**Excerpted data:**
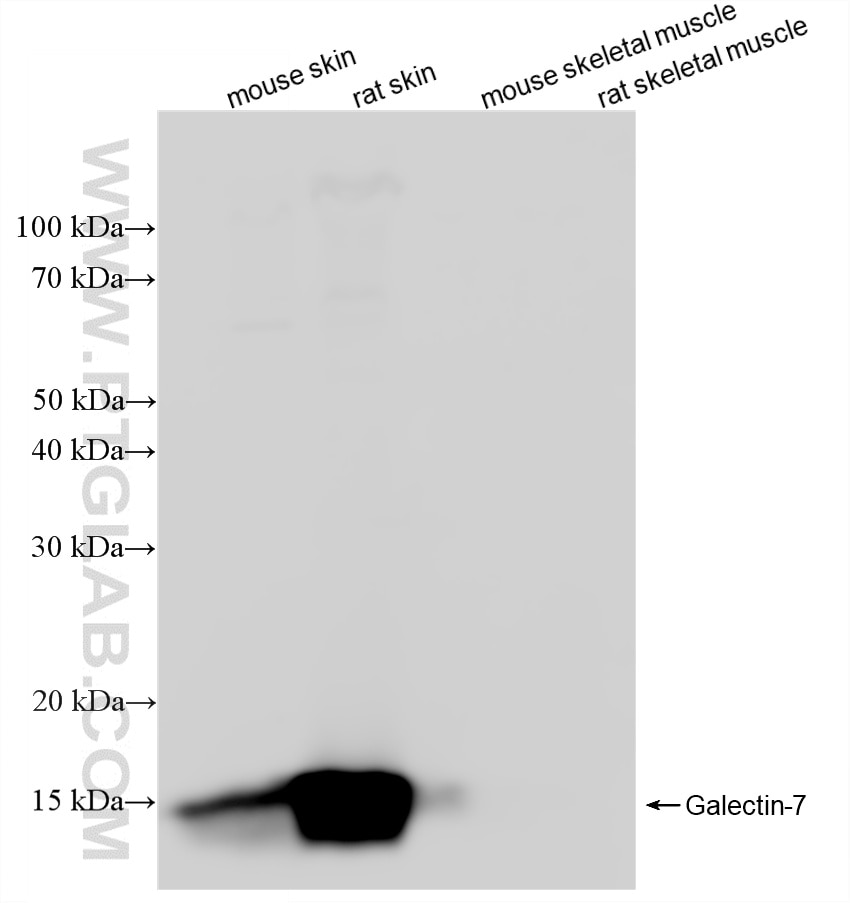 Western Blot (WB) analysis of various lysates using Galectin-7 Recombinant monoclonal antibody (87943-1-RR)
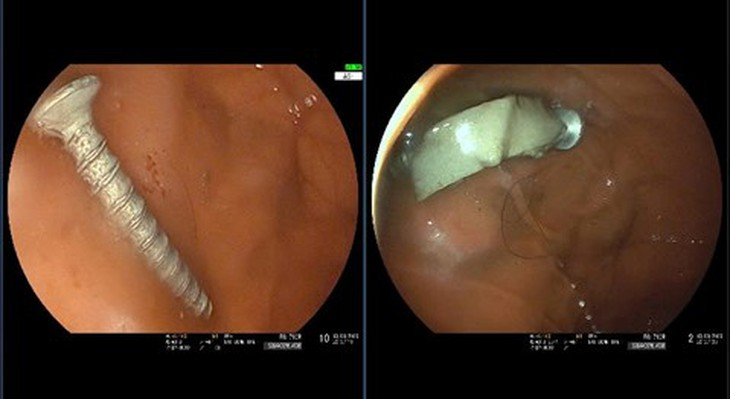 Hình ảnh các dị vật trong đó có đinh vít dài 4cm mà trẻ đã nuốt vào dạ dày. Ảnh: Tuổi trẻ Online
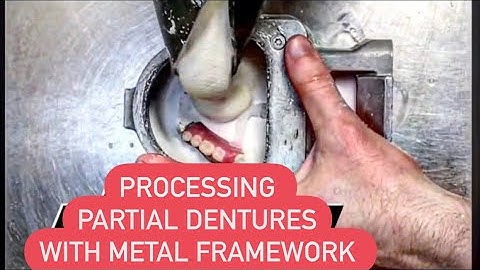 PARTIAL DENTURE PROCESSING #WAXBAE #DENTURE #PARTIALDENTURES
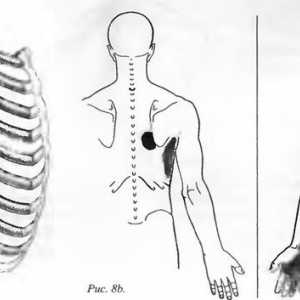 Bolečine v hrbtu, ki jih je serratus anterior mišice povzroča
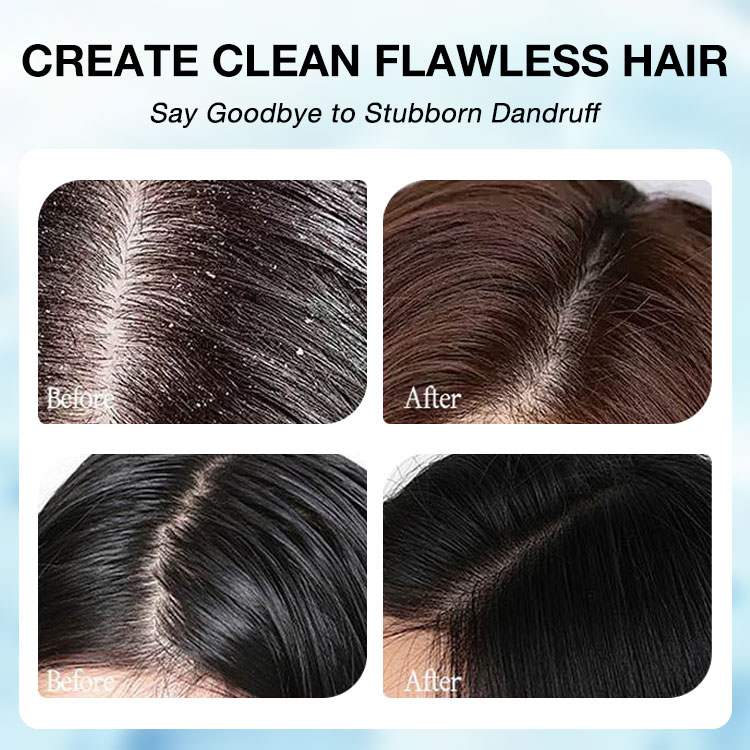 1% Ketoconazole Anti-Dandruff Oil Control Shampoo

**Description of the task:**
Everything in the entries above should be transcribed exactly, apart from the pictures.

**Exercise response:**
 Western Blot (WB) analysis of various lysates using Galectin-7 Recombinant monoclonal antibody (87943-1-RR)
 Hình ảnh các dị vật trong đó có đinh vít dài 4cm mà trẻ đã nuốt vào dạ dày. Ảnh: Tuổi trẻ Online
 PARTIAL DENTURE PROCESSING #WAXBAE #DENTURE #PARTIALDENTURES
 Bolečine v hrbtu, ki jih je serratus anterior mišice povzroča
 1% Ketoconazole Anti-Dandruff Oil Control Shampoo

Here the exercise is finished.